Korean traditional real landscape paintings depict actual scenery, but it aspires to something beyond what we see. My paintings are the same fundamentally ― they are much rooted in reality, but expand the idea of it.
– Yoo Geun-Taek
Yoo Geun-Taek layers historical Korean art practices into his surreal landscapes and interior scenes. Traditional approaches – like his use of hanji (mulberry paper), oyster shell powder, and broken ink and ink infusion techniques – build depth and texture within the pieces, giving each scene an experimental feel that complicates his subject matter. For his Fountain series, geysers of water are the focal point for the scene and a chance for Yoo to highlight the texture of the hanji’s surface. In this work from 2021, three jets of water flood a cramped interior, framing the small window onto the city outside.
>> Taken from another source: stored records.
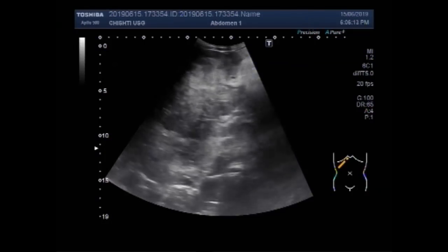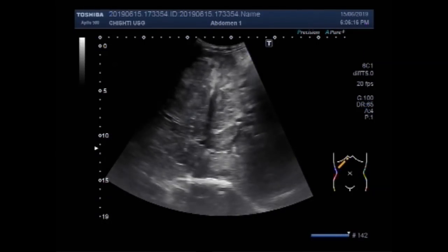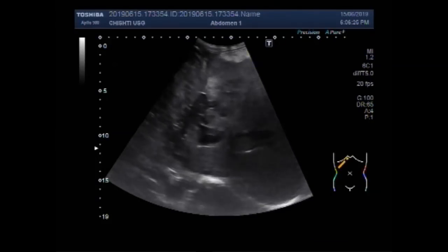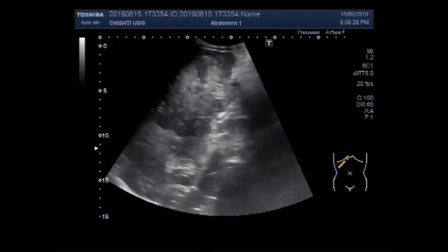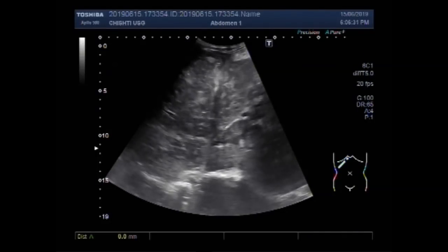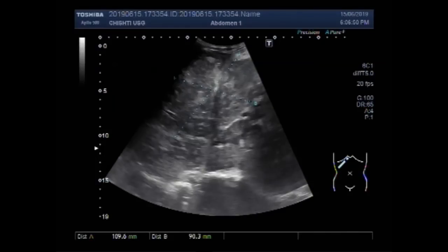Now again you can see the hepatic mass. It measures about 11.0 by 9.0 cm — quite a large mass — having heterogeneous echodensity, semi-solid to solid in consistency, and seen in the upper portion of the left lobe of the liver.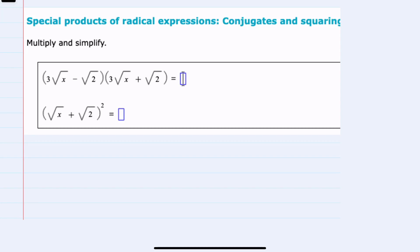In this video, I'll be helping you with the Alex problem type called Special Products of Radical Expressions, Conjugates, and Squaring.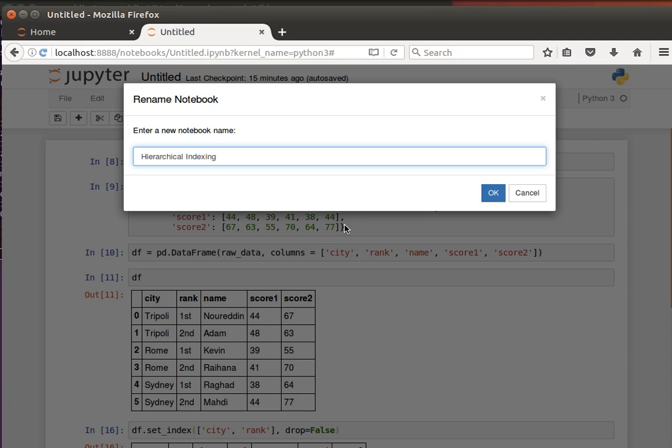Hey guys, in this video we're going to talk about hierarchical indexing. This feature is really exciting because it allows us to do some sophisticated data analysis and manipulation, especially if we're working with very high dimensional data.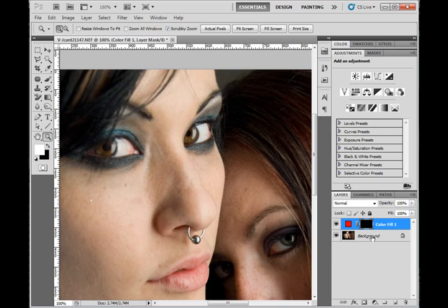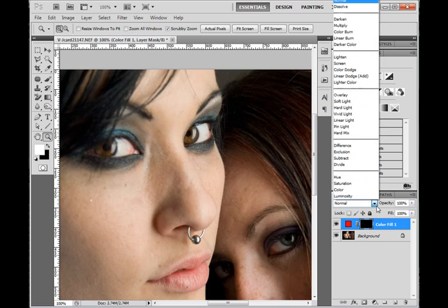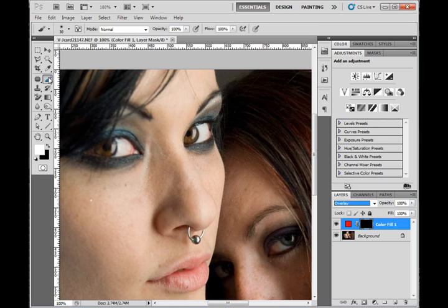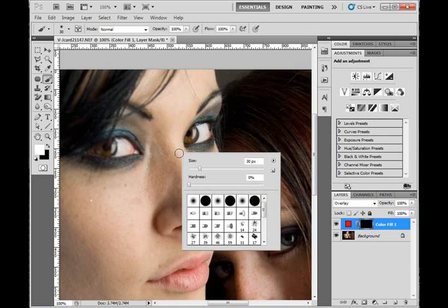While I have it masked out, I'm going to change the blending mode of my layer to overlay. I'm going to go get a brush from my brush palette. I'm going to right click and check to see that my brush hardness is all the way to zero percent.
Ink, gouache, and paper become inseparable as each brushstroke seems embedded into the fibers, giving the muted color palette complexity and richness. Since the 1990s, Yoo has painted heightened representations of everyday life. His work can be found in many public and private collections, including the National Museum of Modern and Contemporary Art Korea, Seoul; the Seoul Olympic Museum of Art; Jeju Museum of Art, Jeju City; Chengdu Contemporary Art Museum, Chengdu; Busan Museum of Art, Busan; and Leeum Museum of Art, Seoul, among others.